La leçon d'histoire de l'ambassadeur d'Ukraine
Or tous ont été abusés, à l'exception bien sûr de quelques-uns qui savaient mais qui n'ont rien dit en raison de la nécessité qu'il y avait alors, pour le clan pro-soviétique, d'accréditer la thèse de l'antisémitisme de Simon Petlioura. Patrick Gaubert sait-il sur quelle mystification l'organisation qu'il dirige s'est créée ?
Yuriy Sergeyev, l'ambassadeur d'Ukraine, a écrit au président de la Licra. Il ne doute pas de son honnêteté. Il pense qu'il manque d'informations comme lui-même en a été privé jusqu'aux années 1990, lorsqu'il a découvert que les « stéréotypes négatifs sur la personnalité de Simon Petlioura ont été imposés par l'URSS en France par l'entremise du Komintern », où « elles restent vivaces ». Car l'ouverture des archives du KGB, le travail mené par les organisations indépendantes de défense des droits de l'homme, les recherches historiques menées par les Ukrainiens dans le but de retrouver leur mémoire identitaire vont toutes dans le même sens : « Le procès de [Schwartzbard] a été instrumentalisé par les autorités soviétiques, par l'intermédiaire du Komintern, pour compromettre l'idée de l'indépendance ukrainienne en remettant sur l'un de ses artisans la responsabilité des persécutions des Juifs, tandis qu'elles avaient pour seule cause la politique officielle d'antisémitisme, partie intégrante de l'idéologie de l'Empire Russe. » « Dans les années 1920, ajoute-t-il, d'aucuns en ont profité pour contrecarrer la renaissance de l'Ukraine indépendante et semblent en user aujourd'hui pour empêcher le retour de l'Ukraine à la démocratie et à l'Europe. »
Il y a donc le mythe, auquel Simone Signoret n'a pas peu contribué avec son roman Adieu Volodia, et la réalité, très différente, établie désormais par de nombreux travaux dont ceux de Leon Poliakov ou de l'écrivain Issak Babel, qui, tué par le KGB, a témoigné que les pogroms, s'ils eurent effectivement lieu et furent effroyables - peut-être 100 000 morts - furent essentiellement dus aux troupes bolcheviques et, dans une mesure infiniment moindre, aux anarchistes de Nestor Makhno et aux forces monarchistes (les Russes blancs).

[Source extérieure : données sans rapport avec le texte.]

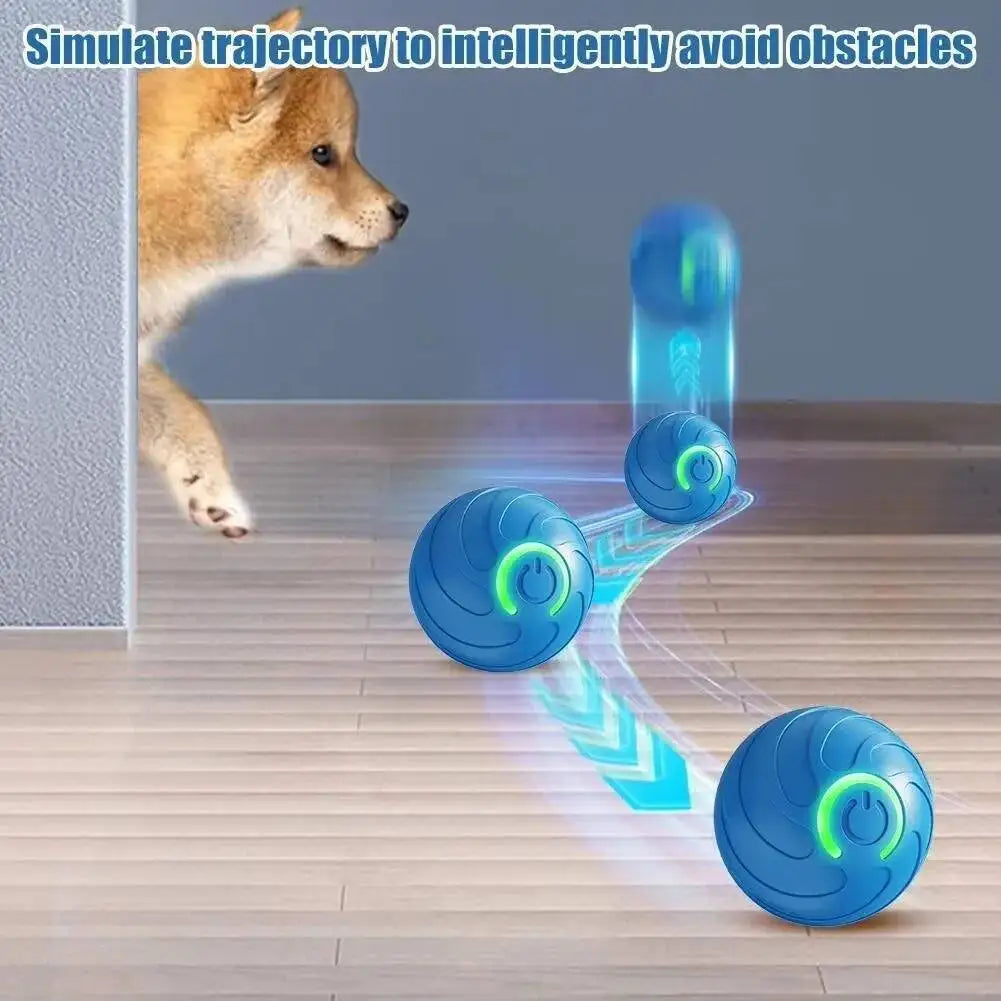 Bounces and changes direction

De plus, comme le rappelle le député ukrainien Andryï Shkil, l'éphémère gouvernement de Simon Petlioura (treize mois,) comprenait plusieurs juifs, dont Salomon Goldelman, en charge des Affaires nationales pour les minorités, ou Abraham Revoutsky, en charge des Affaires juives, poste n'ayant évidemment rien à voir avec le Commissariat aux Affaires juives de sinistre mémoire mais s'étant révélé nécessaire au bon gouvernement d'une nation aux peuples composites.

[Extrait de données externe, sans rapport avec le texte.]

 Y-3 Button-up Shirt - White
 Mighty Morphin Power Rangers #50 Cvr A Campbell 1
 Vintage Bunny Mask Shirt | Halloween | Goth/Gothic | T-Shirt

Mieux encore : lorsqu'il apparaît que certain, éléments de l'armée ukrainienne, échappait à son contrôle dans la situation pour le moins confuse qui était celle de l'Ukraine à l'époque, se livraient à des exactions à caractère antisémite, Simon Petlioura ordonna que les coupables soient retrouvés et châtiés. « Le Directoire [dirigé par Petlioura], écrit O. Kochtchouk dans Ukraine Europe, se livra à une intense propagande « anti-pogromiste » destinée à ses propres troupes et à toute la population de l'Ukraine. Le 30 juillet 1919, le Directoire offrit une forte somme à la communauté juive pour les victimes des pogroms. le 18 août 1919, l'otaman en chef confirma l'application de la peine de mort pour acte de pogrom », tous faits établis et recoupés par de nombreuses sources, dont les archives diplomatiques enfin soustraites des caves où les services soviétiques les avaient entreposée.
C'est donc sur une imposture, ou à tout le moins sur un malentendu, que la Licra a été fondée, occultant jusqu'au fait que, depuis Paris où il essaya encore, jusqu'en 1924, d'organiser la Résistance, Simon Petlioura n'eut de cesse d'en appeler à l'arrêt des persécutions contre les juifs. Puisque Gaubert est un adepte de la repentance, le temps est peut-être venu pour l'organisation qu'il préside de faire son mea culpa.